Nutrition Reviews
- Discipline: Nutrition science
- Language: English
- Edited by: Douglas Taren, PhD, MS

Publication details
- History: 1942-present
- Publisher: Oxford University Press
- Frequency: Monthly
- Impact factor: 5.788 (2017)

Standard abbreviations
- ISO 4: Nutr. Rev.

Indexing
- CODEN: NUREA8
- ISSN: 0029-6643 (print) 1753-4887 (web)

Links
- Journal homepage; Online access; Online archive;

= Nutrition Reviews =

Nutrition Reviews is a monthly peer-reviewed medical journal publishing review articles in the field of nutrition science. It was established by the Nutrition Foundation of New York City under the leadership of Charles Glen King in 1942 and was acquired by Oxford University Press in 2015. The editor-in-chief is Douglas Taren (The University of Arizona). According to the Journal Citation Reports, the journal has a 2017 impact factor of 5.788, ranking it 6th out of 81 journals in the category "Nutrition & Dietetics".

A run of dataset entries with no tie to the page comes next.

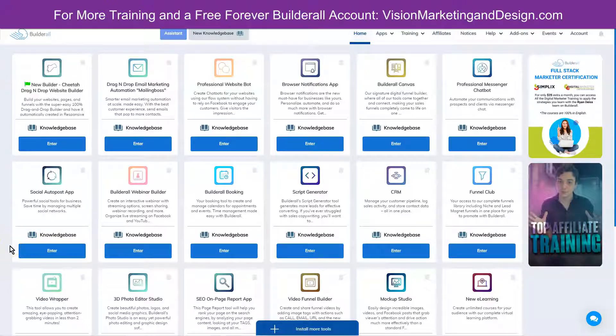Hey all, Bridget Bartlett here. I am the Local Business Marketing Training and Support Specialist with Builderall. Today I'm going to show you how to download a chatbot template and upload it to our own account to edit and customize ourselves. I'm also going to show you how you can use the same template to generate extra income.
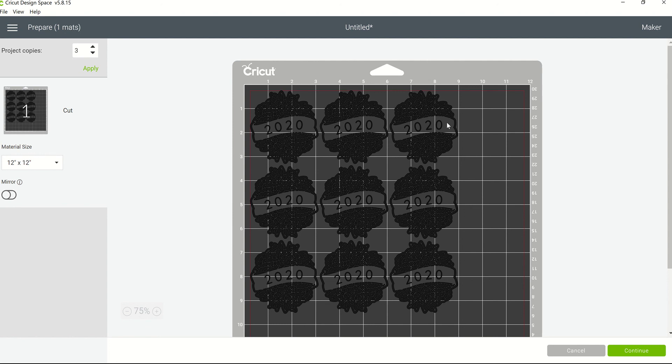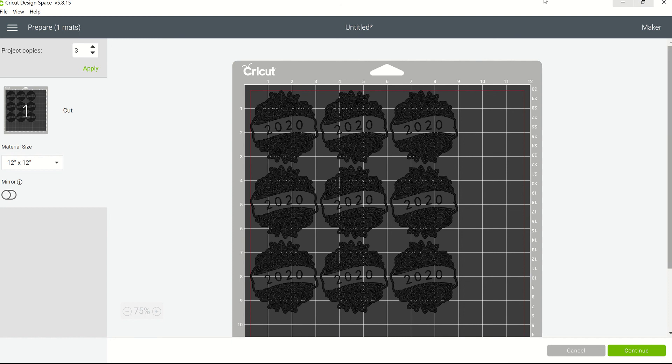So there's no reason at this point, if you see that you need more copies, to cancel out and go back to your canvas. You can actually increase the number of copies right here on this screen. All right guys, have a great day!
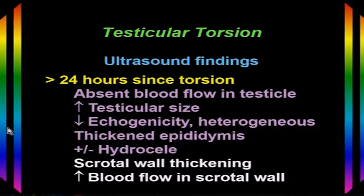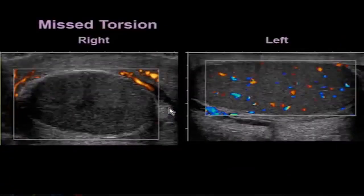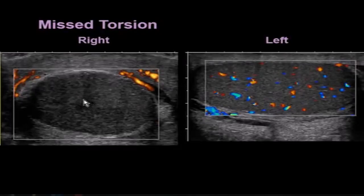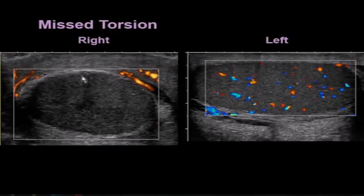Here's a patient with missed torsion. Notice the normal left testicle with a thin scrotal wall. The right testicle is hypoechoic and heterogeneous, with marked thickening of the scrotal wall and increased blood flow in the scrotal wall, but no blood flow inside the testicle itself.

The journal is published on behalf of the International Life Sciences Institute (ILSI), an organization "set up in 1978 by a former executive from Coca-Cola, to push for its agenda in the scientific and policy spaces". It has been found that it publishes the highest proportion of articles with industry involvement amongst the top top 10 journals in nutrition.